MAGNETIZED: CONVERSATIONS WITH A SERIAL KILLER by Carlos Busqued - (Catapult)
Magnetized is a riveting psychological portrait—a captivating story about one man’s crimes, but also about a way to inhabit the world, or to become absent from it.
LIFE OF A KLANSMAN by Edward Ball - (Macmillan)
Life of a Klansman tells the story of a warrior in the Ku Klux Klan, a carpenter in Louisiana who took up the cause of fanatical racism during the years after the Civil War. Edward Ball, a descendant of the Klansman, paints a portrait of his family’s anti-black militant that is part history, part memoir rich in personal detail.
THE DRAGONS, THE GIANT, THE WOMEN by Wayétu Moore - (Graywolf Press)
Spanning this harrowing journey in Moore’s early childhood, her years adjusting to life in Texas as a black woman and an immigrant, and her eventual return to Liberia, The Dragons, the Giant, the Women is a deeply moving story of the search for home in the midst of upheaval. Moore has a novelist’s eye for suspense and emotional depth, and this unforgettable memoir is full of imaginative, lyrical flights and lush prose. In capturing both the hazy magic and stark realities of what is becoming an increasingly pervasive experience, Moore shines a light on the great political and personal forces that continue to affect many migrants around the world, and calls us all to acknowledge the tenacious power of love and family.
Poetry
SEEING THE BODY: POEMS by Rachel Eliza Griffiths - (Norton)

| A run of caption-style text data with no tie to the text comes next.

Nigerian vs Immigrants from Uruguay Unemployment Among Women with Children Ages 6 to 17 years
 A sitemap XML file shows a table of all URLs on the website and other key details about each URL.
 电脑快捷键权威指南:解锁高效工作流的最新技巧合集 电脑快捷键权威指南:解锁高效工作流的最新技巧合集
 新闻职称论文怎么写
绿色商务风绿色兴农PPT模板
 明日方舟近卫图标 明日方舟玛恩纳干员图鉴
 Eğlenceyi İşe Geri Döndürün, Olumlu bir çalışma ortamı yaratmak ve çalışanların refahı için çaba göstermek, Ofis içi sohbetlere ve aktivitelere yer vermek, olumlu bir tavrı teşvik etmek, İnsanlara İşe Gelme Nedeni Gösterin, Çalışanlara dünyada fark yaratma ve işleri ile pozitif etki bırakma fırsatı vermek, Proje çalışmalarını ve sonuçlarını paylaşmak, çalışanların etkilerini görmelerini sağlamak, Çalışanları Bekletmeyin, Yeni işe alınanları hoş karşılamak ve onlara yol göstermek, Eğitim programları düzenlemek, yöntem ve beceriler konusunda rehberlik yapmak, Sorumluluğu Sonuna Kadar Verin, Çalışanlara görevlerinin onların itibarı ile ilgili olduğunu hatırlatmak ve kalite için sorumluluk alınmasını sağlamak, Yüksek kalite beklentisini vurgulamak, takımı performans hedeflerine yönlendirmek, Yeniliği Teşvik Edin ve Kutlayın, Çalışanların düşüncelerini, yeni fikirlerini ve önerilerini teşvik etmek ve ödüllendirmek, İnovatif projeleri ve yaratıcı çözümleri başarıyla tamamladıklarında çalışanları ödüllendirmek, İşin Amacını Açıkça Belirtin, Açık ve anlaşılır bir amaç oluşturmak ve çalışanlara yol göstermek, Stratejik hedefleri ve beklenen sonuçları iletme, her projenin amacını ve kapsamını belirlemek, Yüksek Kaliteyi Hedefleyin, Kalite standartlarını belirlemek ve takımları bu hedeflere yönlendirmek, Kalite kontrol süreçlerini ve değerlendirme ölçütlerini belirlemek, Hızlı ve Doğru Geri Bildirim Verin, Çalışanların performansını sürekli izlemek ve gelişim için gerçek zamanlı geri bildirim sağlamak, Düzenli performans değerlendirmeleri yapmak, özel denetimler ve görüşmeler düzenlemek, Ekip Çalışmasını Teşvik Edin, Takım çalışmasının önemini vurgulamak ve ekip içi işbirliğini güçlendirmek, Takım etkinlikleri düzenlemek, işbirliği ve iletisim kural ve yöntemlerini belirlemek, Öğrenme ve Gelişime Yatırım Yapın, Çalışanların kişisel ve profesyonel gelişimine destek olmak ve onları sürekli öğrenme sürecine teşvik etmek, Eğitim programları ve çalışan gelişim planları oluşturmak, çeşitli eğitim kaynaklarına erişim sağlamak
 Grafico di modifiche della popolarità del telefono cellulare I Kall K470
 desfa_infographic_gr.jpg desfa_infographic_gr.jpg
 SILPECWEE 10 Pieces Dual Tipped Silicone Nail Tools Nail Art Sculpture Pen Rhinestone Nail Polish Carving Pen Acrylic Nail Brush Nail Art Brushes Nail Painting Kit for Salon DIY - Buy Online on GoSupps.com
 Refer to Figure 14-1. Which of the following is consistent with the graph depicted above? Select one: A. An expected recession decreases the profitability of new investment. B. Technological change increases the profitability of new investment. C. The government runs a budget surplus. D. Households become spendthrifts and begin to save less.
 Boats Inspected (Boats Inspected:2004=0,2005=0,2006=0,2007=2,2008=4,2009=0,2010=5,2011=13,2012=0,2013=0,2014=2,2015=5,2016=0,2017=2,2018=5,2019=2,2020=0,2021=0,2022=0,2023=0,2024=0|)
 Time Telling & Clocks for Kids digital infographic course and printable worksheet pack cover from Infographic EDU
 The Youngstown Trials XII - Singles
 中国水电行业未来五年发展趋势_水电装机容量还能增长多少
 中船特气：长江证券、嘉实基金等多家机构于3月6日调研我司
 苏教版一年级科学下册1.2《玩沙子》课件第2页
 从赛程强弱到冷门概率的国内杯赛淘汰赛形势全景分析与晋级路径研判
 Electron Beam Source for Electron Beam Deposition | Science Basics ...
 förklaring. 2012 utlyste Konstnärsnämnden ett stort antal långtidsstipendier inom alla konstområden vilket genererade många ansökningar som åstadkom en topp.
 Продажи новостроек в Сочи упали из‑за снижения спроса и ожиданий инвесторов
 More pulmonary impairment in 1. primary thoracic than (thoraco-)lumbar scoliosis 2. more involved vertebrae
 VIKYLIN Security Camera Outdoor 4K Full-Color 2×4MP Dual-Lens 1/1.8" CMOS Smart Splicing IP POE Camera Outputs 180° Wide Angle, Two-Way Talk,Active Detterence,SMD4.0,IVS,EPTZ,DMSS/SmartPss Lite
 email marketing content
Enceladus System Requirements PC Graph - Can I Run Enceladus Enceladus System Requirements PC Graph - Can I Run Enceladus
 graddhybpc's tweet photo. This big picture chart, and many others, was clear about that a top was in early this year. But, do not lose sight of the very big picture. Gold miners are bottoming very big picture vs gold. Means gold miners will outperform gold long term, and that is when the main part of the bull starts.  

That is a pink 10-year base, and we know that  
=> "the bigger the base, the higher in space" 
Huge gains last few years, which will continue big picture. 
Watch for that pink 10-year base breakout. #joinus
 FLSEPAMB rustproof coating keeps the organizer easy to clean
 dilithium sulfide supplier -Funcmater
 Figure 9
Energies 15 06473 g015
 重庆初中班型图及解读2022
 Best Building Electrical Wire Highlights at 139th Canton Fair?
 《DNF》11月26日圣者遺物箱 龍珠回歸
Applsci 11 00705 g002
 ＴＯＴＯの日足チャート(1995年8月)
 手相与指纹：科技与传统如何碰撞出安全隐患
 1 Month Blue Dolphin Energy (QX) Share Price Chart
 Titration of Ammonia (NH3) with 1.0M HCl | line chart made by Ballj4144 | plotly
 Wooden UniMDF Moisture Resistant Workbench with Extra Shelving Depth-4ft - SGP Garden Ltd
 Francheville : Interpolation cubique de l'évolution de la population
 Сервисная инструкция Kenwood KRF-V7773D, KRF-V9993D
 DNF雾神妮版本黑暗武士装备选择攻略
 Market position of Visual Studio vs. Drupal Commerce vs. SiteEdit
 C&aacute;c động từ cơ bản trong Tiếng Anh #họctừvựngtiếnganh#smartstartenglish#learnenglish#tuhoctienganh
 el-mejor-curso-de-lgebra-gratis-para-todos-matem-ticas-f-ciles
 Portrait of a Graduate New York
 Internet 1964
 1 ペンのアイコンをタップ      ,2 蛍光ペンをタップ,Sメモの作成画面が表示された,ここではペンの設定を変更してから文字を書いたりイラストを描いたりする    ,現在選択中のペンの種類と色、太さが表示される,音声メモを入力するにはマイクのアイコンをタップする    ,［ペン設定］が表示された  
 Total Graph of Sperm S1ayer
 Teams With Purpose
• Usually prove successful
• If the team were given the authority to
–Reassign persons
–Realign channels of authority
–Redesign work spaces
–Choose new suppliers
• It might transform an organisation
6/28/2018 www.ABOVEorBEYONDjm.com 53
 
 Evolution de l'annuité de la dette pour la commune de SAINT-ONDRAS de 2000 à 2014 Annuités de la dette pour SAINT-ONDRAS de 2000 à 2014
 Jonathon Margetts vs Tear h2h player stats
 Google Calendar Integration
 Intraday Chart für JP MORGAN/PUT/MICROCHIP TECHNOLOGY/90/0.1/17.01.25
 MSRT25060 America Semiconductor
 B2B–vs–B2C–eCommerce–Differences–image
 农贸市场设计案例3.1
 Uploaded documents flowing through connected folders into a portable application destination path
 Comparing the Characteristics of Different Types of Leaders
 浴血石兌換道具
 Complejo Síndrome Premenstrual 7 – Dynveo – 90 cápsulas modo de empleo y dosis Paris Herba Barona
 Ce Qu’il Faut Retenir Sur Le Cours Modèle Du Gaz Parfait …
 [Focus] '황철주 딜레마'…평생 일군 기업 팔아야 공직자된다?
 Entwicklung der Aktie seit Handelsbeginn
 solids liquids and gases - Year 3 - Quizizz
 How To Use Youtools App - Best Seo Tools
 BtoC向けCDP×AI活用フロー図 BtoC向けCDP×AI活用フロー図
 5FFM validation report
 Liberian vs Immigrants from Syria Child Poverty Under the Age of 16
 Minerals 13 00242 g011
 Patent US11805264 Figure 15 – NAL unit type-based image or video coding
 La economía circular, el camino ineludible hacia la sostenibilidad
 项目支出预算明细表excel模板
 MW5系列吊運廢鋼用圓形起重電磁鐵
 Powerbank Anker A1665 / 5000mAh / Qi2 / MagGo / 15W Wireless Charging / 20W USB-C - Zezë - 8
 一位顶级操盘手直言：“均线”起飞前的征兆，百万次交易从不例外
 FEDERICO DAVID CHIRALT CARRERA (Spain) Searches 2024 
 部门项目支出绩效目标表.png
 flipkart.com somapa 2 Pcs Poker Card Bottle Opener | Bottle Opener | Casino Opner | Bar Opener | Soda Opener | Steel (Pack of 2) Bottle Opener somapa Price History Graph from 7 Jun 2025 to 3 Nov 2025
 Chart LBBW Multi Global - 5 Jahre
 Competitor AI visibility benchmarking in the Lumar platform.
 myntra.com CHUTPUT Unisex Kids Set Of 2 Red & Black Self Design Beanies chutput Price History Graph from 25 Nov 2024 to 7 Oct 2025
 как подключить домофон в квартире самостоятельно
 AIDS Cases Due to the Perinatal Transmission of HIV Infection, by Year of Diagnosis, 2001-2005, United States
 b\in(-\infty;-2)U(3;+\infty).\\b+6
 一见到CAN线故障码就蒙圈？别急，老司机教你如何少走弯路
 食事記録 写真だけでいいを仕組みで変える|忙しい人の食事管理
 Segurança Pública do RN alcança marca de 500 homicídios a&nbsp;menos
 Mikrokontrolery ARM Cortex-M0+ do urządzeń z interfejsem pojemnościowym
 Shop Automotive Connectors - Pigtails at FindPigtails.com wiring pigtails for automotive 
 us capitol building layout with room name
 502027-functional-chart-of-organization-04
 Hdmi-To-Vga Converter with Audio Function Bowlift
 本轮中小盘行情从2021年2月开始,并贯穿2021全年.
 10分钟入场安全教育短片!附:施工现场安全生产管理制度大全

A photographer as well as a poet, Griffiths accompanies the fierce rhythm of her verses with a series of ghostly, imaginative self-portraits, blurring the body’s internal wilderness with landscapes alive with beauty and terror. The collision of text and imagery offers an associative autobiography, in which narratives of language, absence, and presence are at once saved, revised, and often erased. Seeing the Body dismantles personal and public masks of silence and self-destruction to visualize and celebrate the imperfect freedom of radical self-love.
DESCENT by Lauren Russell - (Tarpaulin Sky)
In 2013, poet Lauren Russell acquired a copy of the diary of her great-great-grandfather, Robert Wallace Hubert, a Captain in the Confederate Army. After his return from the Civil War, he fathered twenty children by three of his former slaves. One of those children was the poet’s great-grandmother. Through several years of research, Russell would seek the words to fill the diary’s omissions and to imagine the voice of her great-great-grandmother, Peggy Hubert, a black woman silenced by history. The result is a hybrid work of verse, prose, images and documents that traverses centuries as the past bleeds into the present.
YOU WERE SUPPOSED TO BE A FRIEND by Ashley Elizabeth - (Nightingale & Sparrow)
Friendships between men and women don’t always last forever… not without someone wanting more. At least, it’s harder not to. It is easy to fall for someone you spend most of your time talking to. This chapbook explores when a relationship turns from friendship to friends with benefits to someone falling in a love that may not be reciprocated.